▶ _EXERCISE MATERIAL_:
=== Section Start ===

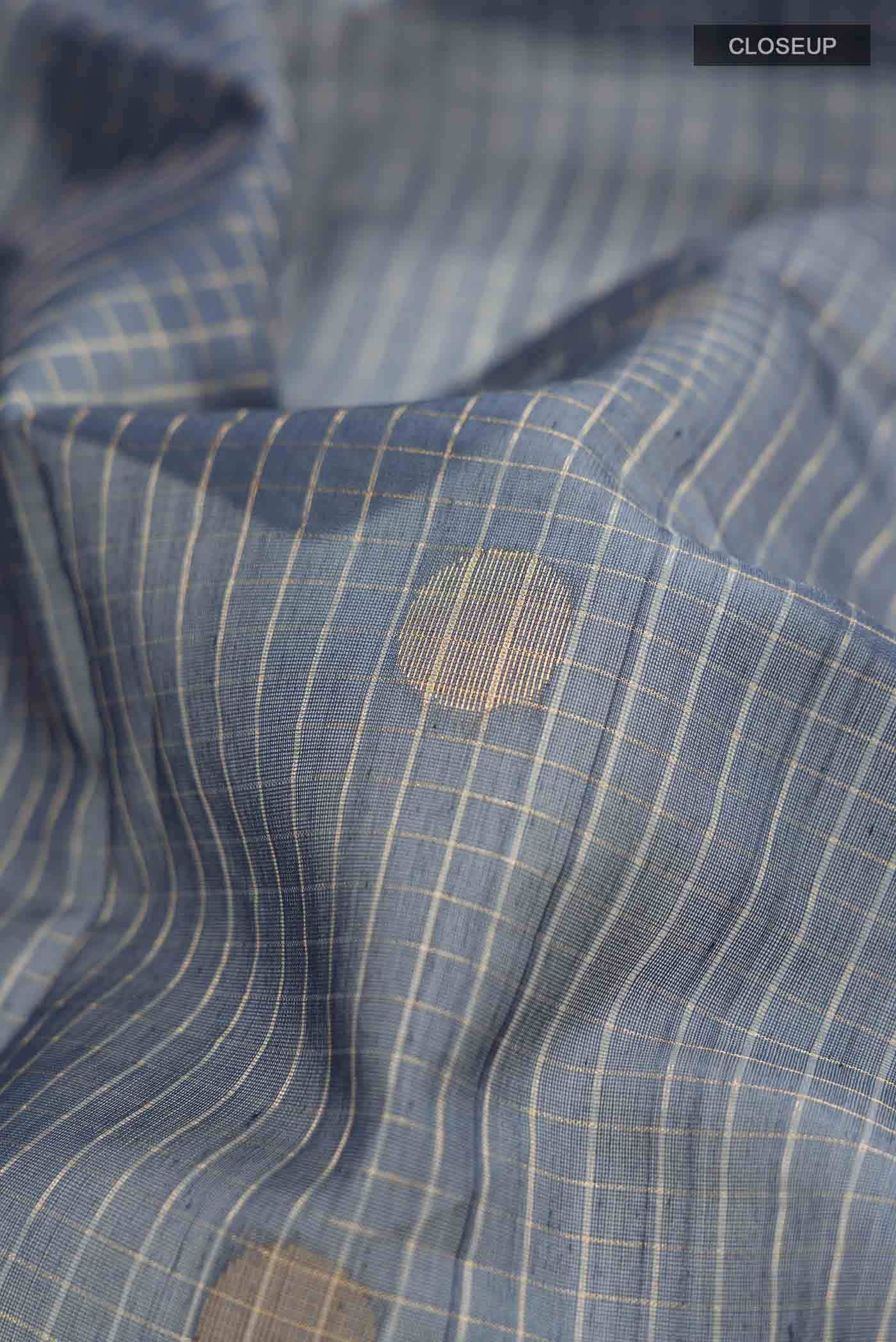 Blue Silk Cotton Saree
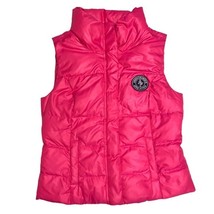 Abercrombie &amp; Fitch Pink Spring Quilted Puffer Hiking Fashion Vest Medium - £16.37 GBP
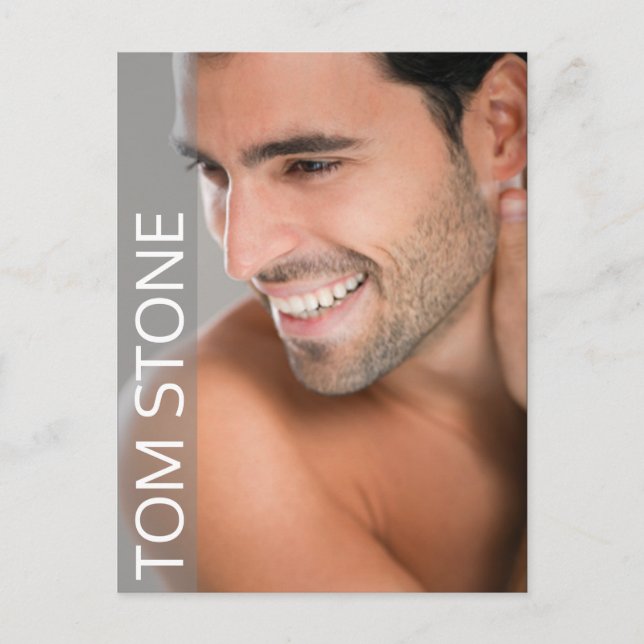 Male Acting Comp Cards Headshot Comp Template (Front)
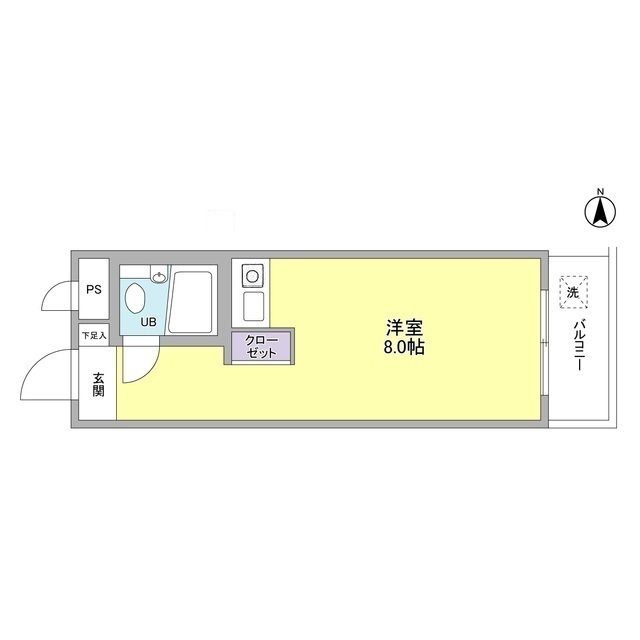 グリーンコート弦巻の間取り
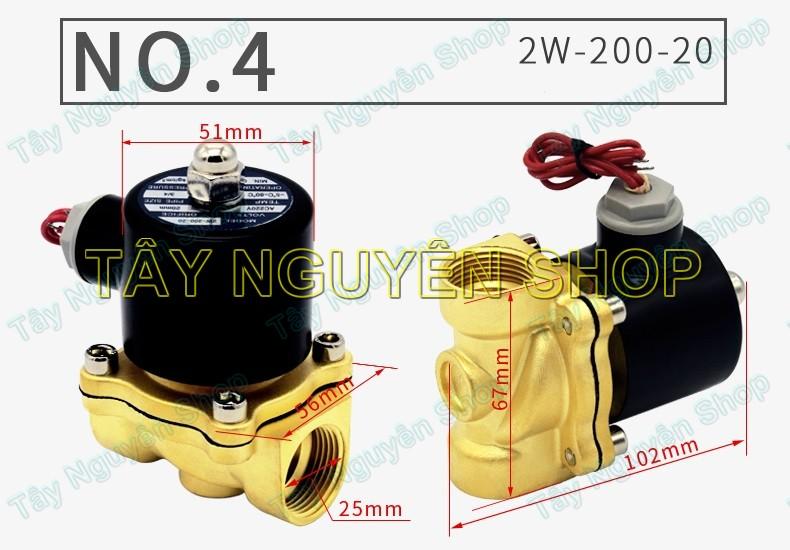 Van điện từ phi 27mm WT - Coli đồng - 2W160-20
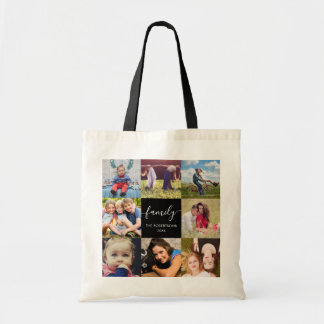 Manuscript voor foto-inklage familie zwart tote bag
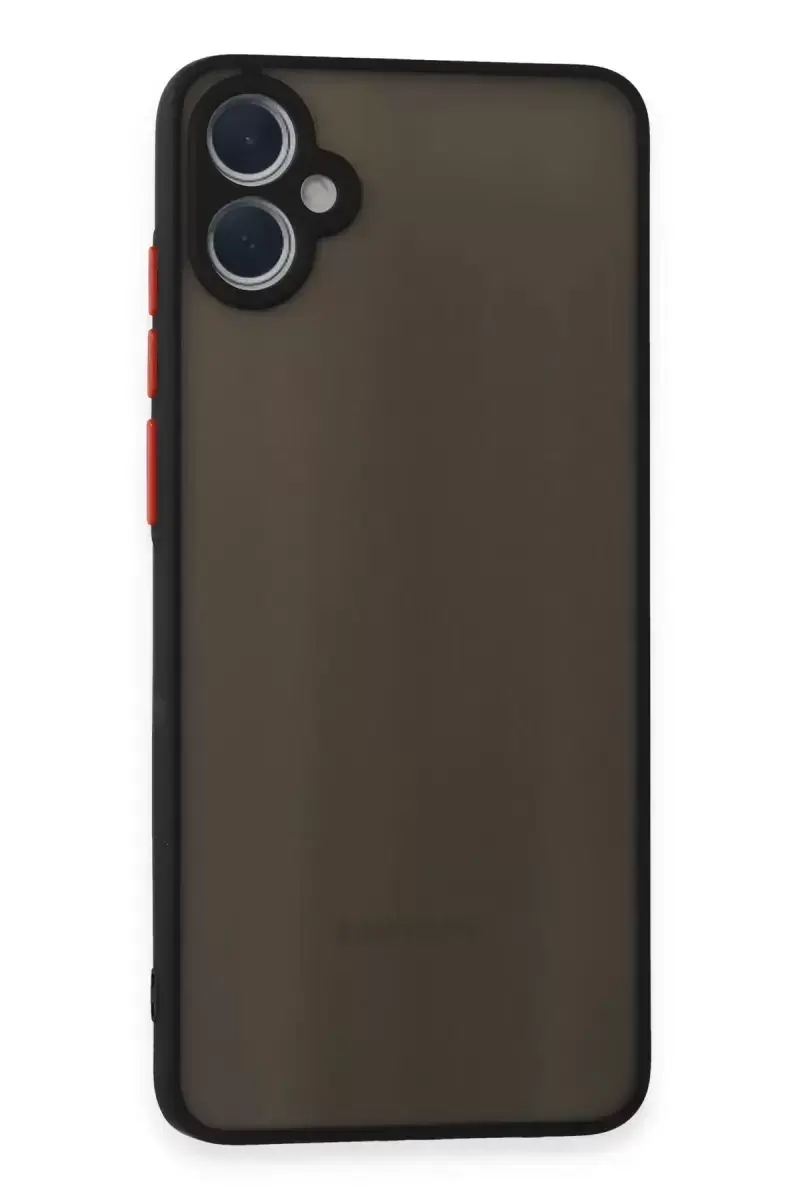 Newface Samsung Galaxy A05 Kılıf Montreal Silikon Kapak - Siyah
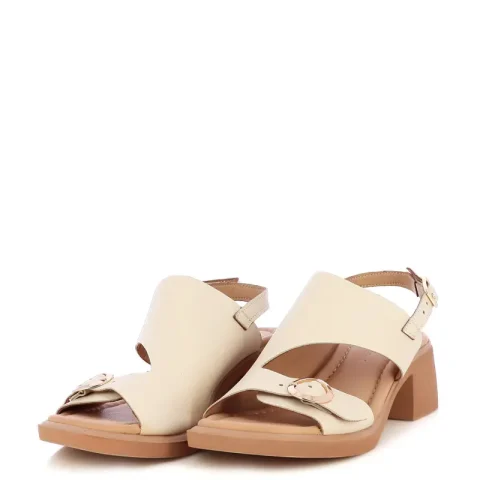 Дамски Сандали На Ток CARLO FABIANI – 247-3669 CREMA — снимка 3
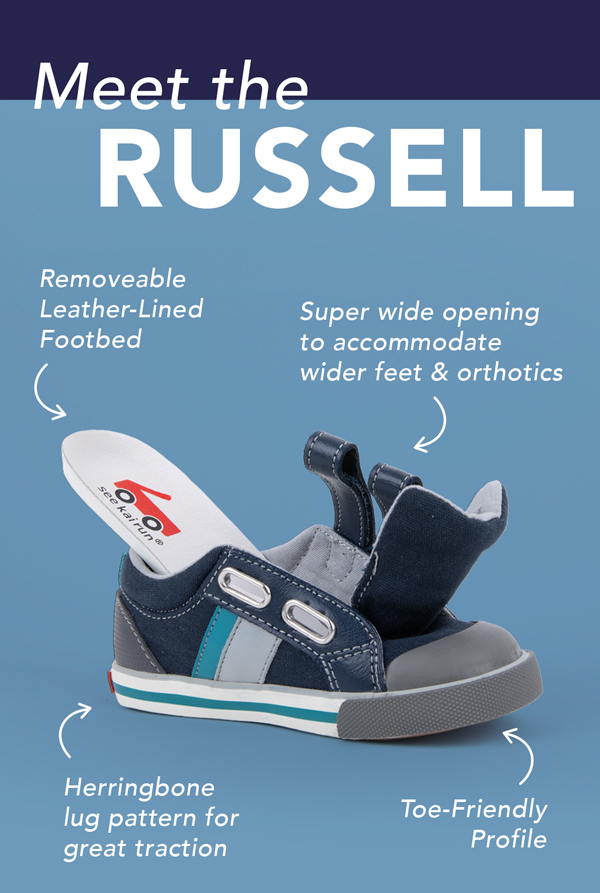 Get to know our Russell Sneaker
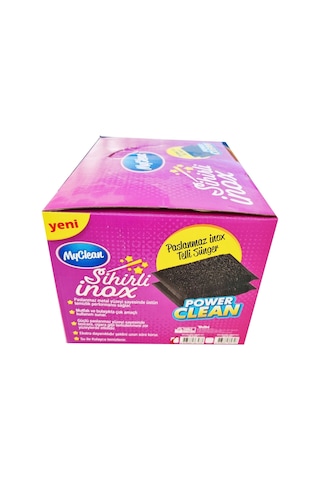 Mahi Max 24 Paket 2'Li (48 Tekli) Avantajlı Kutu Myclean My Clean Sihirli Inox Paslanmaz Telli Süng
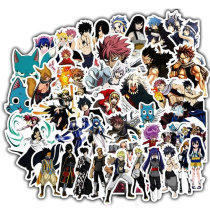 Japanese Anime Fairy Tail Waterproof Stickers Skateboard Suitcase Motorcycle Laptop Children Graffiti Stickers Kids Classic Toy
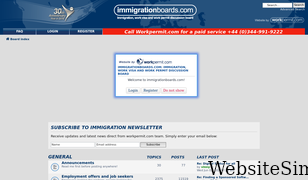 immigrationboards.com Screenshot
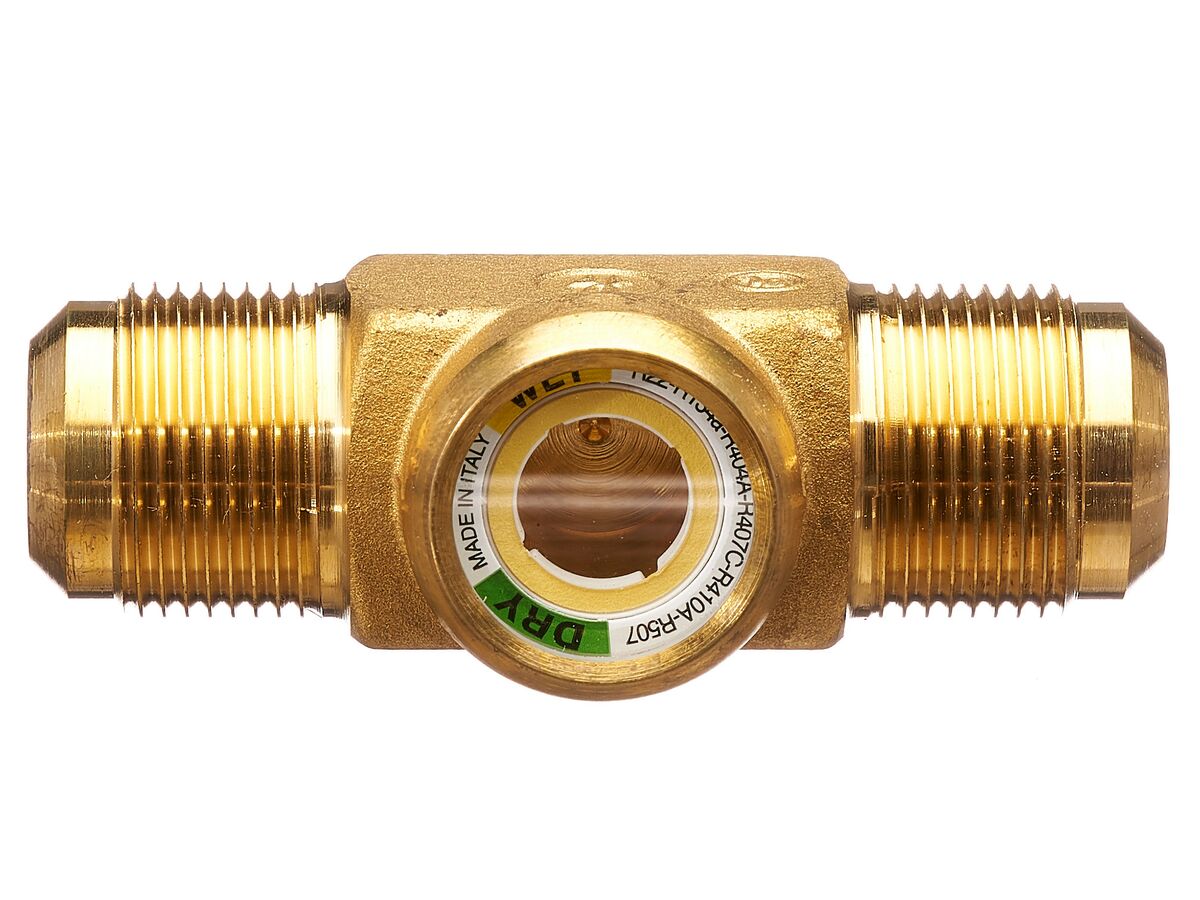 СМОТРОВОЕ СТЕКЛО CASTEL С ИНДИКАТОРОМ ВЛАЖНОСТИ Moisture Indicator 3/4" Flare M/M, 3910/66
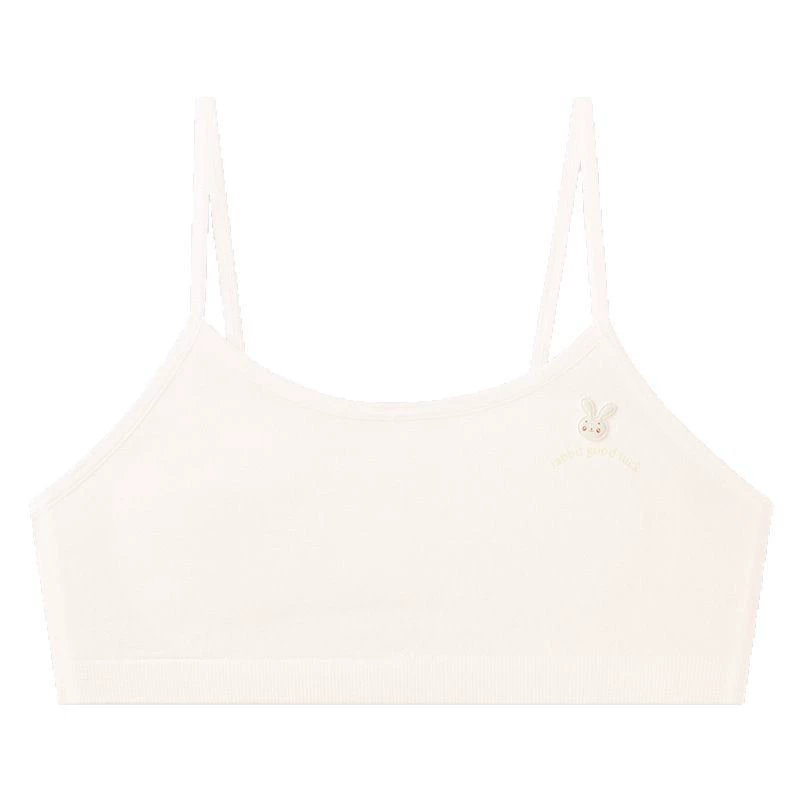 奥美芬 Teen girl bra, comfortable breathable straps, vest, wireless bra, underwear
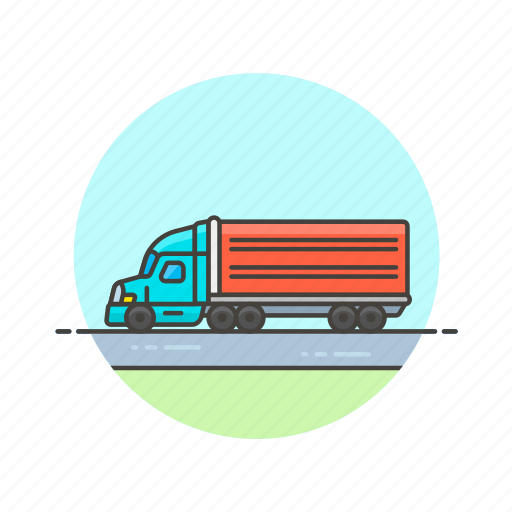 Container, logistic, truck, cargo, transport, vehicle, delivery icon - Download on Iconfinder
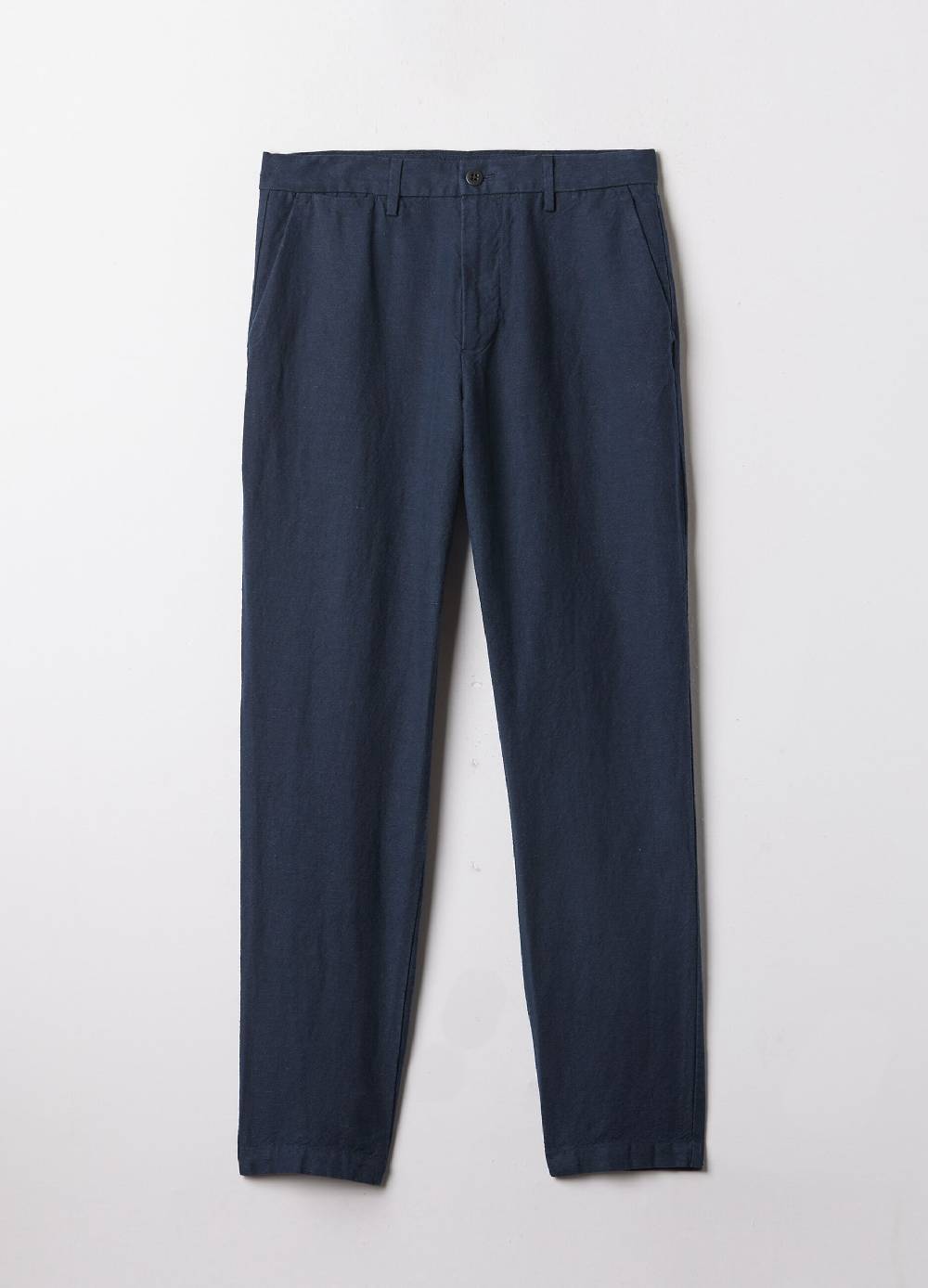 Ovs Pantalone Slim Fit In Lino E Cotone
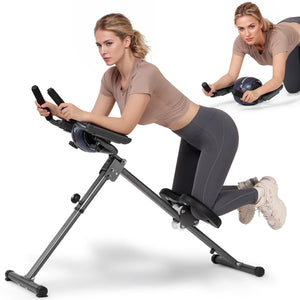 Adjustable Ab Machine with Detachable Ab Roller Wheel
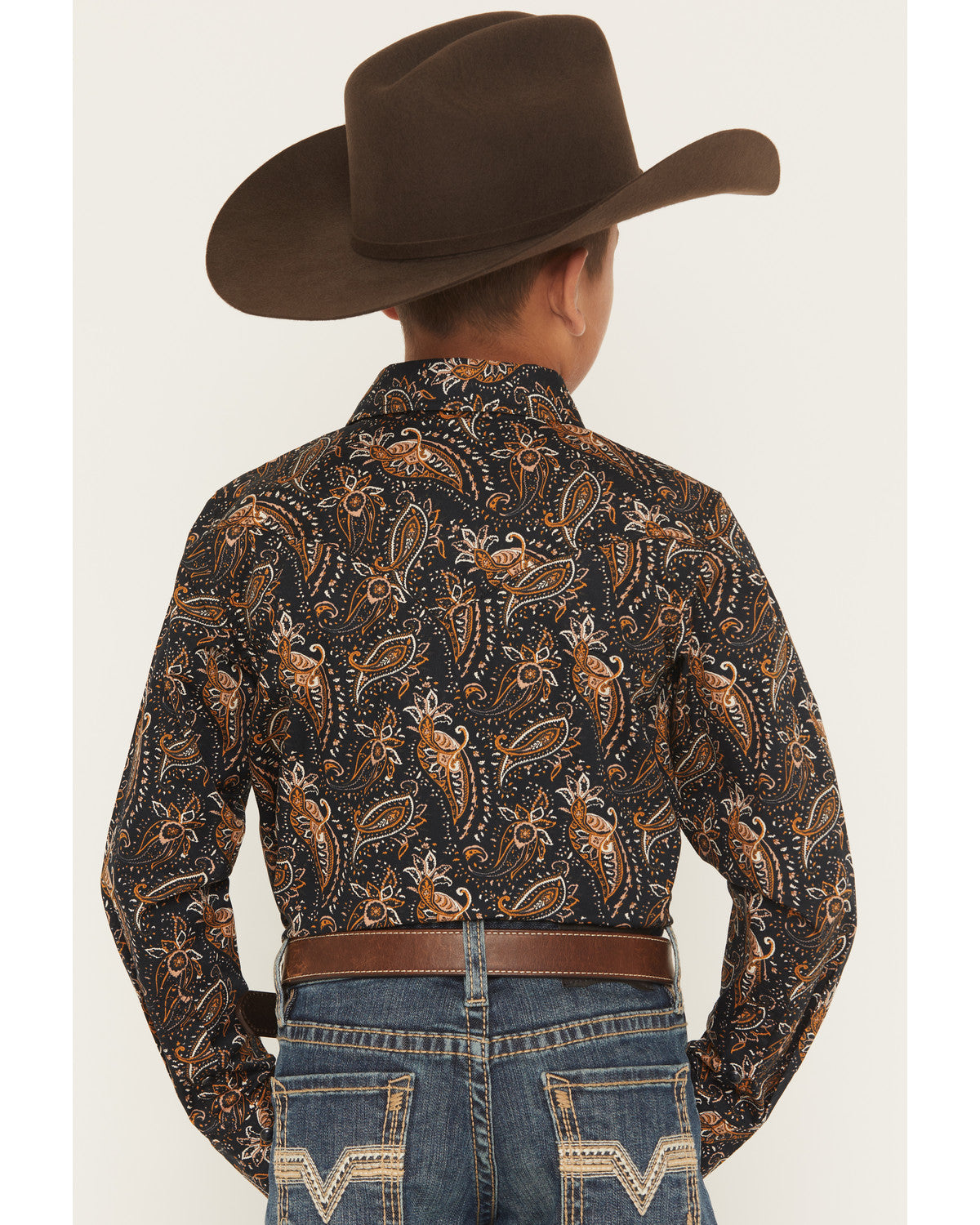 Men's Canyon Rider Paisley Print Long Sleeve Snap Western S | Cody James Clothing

=== Section End ===

▶ _WORK TASK_: Images are to be left out; everything else in the material must be written out exactly.

▶ _SOLUTION_:
 Blue Silk Cotton Saree
 Abercrombie &amp; Fitch Pink Spring Quilted Puffer Hiking Fashion Vest Medium - £16.37 GBP
 Male Acting Comp Cards Headshot Comp Template (Front)
 グリーンコート弦巻の間取り
 Van điện từ phi 27mm WT - Coli đồng - 2W160-20
 Manuscript voor foto-inklage familie zwart tote bag
 Newface Samsung Galaxy A05 Kılıf Montreal Silikon Kapak - Siyah
 Дамски Сандали На Ток CARLO FABIANI – 247-3669 CREMA — снимка 3
 Get to know our Russell Sneaker
 Mahi Max 24 Paket 2'Li (48 Tekli) Avantajlı Kutu Myclean My Clean Sihirli Inox Paslanmaz Telli Süng
 Japanese Anime Fairy Tail Waterproof Stickers Skateboard Suitcase Motorcycle Laptop Children Graffiti Stickers Kids Classic Toy
 immigrationboards.com Screenshot
 СМОТРОВОЕ СТЕКЛО CASTEL С ИНДИКАТОРОМ ВЛАЖНОСТИ Moisture Indicator 3/4" Flare M/M, 3910/66
 奥美芬 Teen girl bra, comfortable breathable straps, vest, wireless bra, underwear
 Container, logistic, truck, cargo, transport, vehicle, delivery icon - Download on Iconfinder
 Ovs Pantalone Slim Fit In Lino E Cotone
 Adjustable Ab Machine with Detachable Ab Roller Wheel
 Men's Canyon Rider Paisley Print Long Sleeve Snap Western S | Cody James Clothing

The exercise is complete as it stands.